Total croup admissions increased in the PCV-7 era (IRR 1.18 (95% CI 1.13 to 1.23)) but remained unchanged during the PCV-13 era (table 3). Croup admission incidence for infants and 1-year-olds to 4-year-olds rose during the PCV-7 era but not during the PCV-13 era (table 3). Admission incidence for 10-year-olds to 14-year-olds fell during the PCV-13 era compared with the PCV-7 era (table 3). There was no change in croup admission incidence between 2000 and 2013 in the interrupted time series analysis.

Table 3

Incidence rate ratios (IRR) comparing incidence of croup in the prevaccine, heptavalent (PCV-7) and 13-valent (PCV-13) vaccination eras

Pneumococcal serotype data

Pneumococcal serotype data were available in 41 children admitted between 2006 and 2010 (4 from blood and the remainder from pleural fluid samples), during which time a total of 223 children were admitted. Molecular testing at the Scottish reference laboratory did not recover a serotype in 21 cases. There were six cases of serotype 1, two of serotype 14A, two of serotype 19A, four of serotype 3 and four cases of serogroup 7A/F. Two non-typeable serotypes were recovered (multi-locus sequence types—4119 and 4122).

Discussion

The incidence of empyema in children was still rising abruptly in Scotland in 2005 when we published our previous study,1 and the present study demonstrates that this rise continued after introduction of routine pneumococcal vaccination in 2006 but fell after PCV-13 vaccination was introduced in 2010. Where serotype data were available for the PCV-7 vaccination era, all cases were infected with non-PCV-7 serotypes suggesting that by extrapolation, the PCV-13 may be effective in preventing invasive disease from the serotypes covered. Non-vaccine serotypes continue to cause morbidity in the UK as has been previously reported.2 ,13 Empyema incidence now seems to be falling following the introduction of the PCV-13 vaccine (figure 1) but incidence in 2013 remains considerably higher than in 2000.
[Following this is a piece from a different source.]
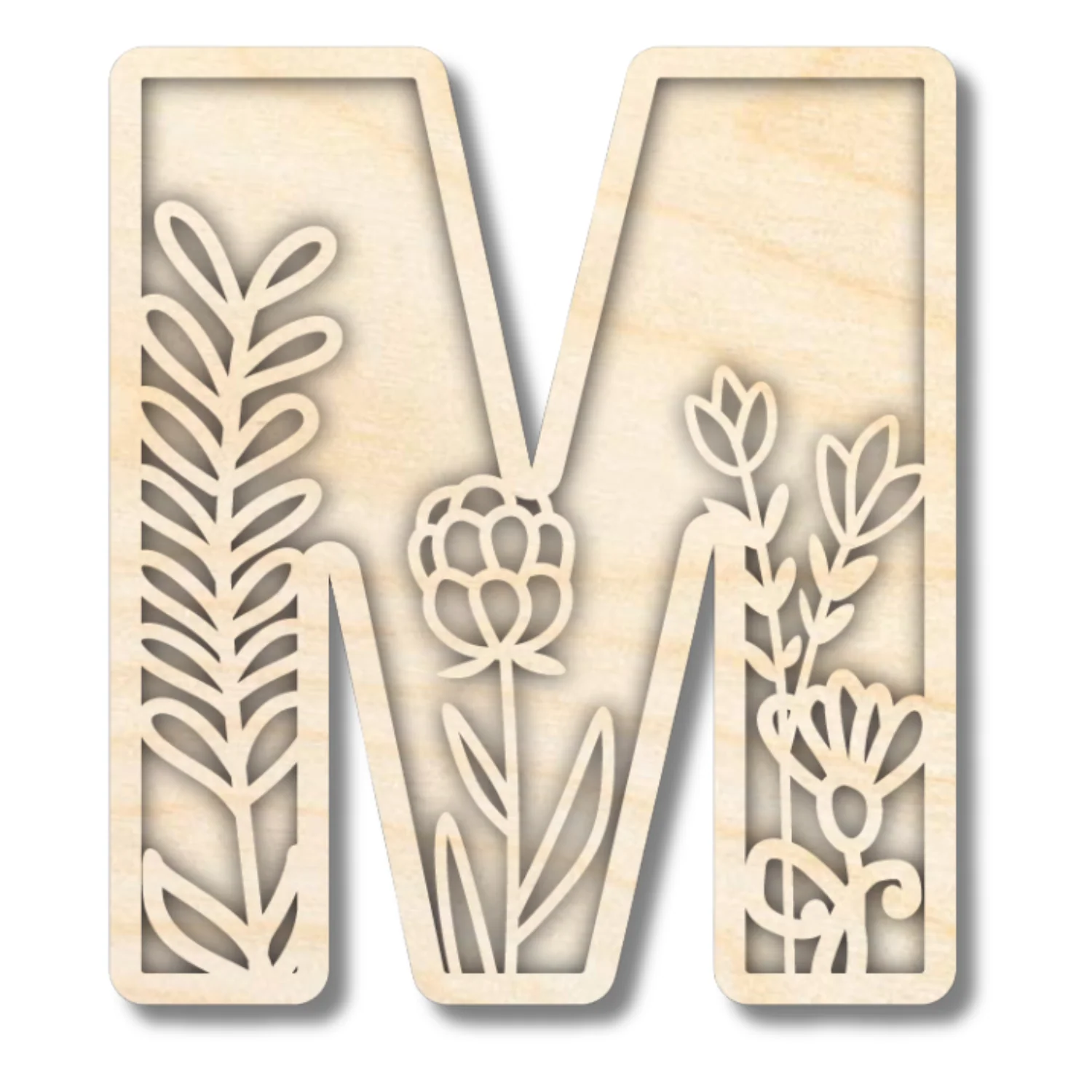 Unfinished Wood Layered Themed Letters | Wild Flowers | A-Z | 2 Piece | up to 24" - Image 16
Our results are generally consistent with reports of increasing empyema incidence during the 2000s from the UK and other countries. Two studies from the USA5 ,14 have observed rises in empyema incidence of a very similar order as we report here, although in the US studies, pneumonia incidence had fallen several years before the reduction seen in our population (table 2). Between 1996 and 2007, Grijalva et al5 report a doubling of empyema admissions to 70 and 103 cases/million children/year for <2 and 1.4-year-olds, respectively, in the context of a 33% fall in pneumonia admissions in children aged <2 years and a 24% fall for 2-year-olds to 4-year-olds. Li and Tancredi 14 report empyema admissions in <5-year-olds increasing from 38/million/year in 1997 to 76/million/year in 2006; during this period, pneumonia admissions fell by 29% for the <2 year age group. In a two-centre study from Spain, Obando et al15 report a 13-fold increase in the numbers of children admitted with empyema between 1998 and 2006. Data from England and Wales also demonstrate a rise in empyema admissions during 1997–2006, which was highest in children aged below 5 years.9 This latter study did, however, find a 22% fall in empyema admissions for all children between 2006 and 2008 which was mostly explained by falling admissions in infants9; here, we report a 22% reduction in IRR after 2010 (table 1) for all children with the largest fall also being seen in infants. The greatest fall might be expected in infants since this age group will all have had the opportunity for vaccination, whereas children born before 2010 will not have received protection of PCV-13 vaccination.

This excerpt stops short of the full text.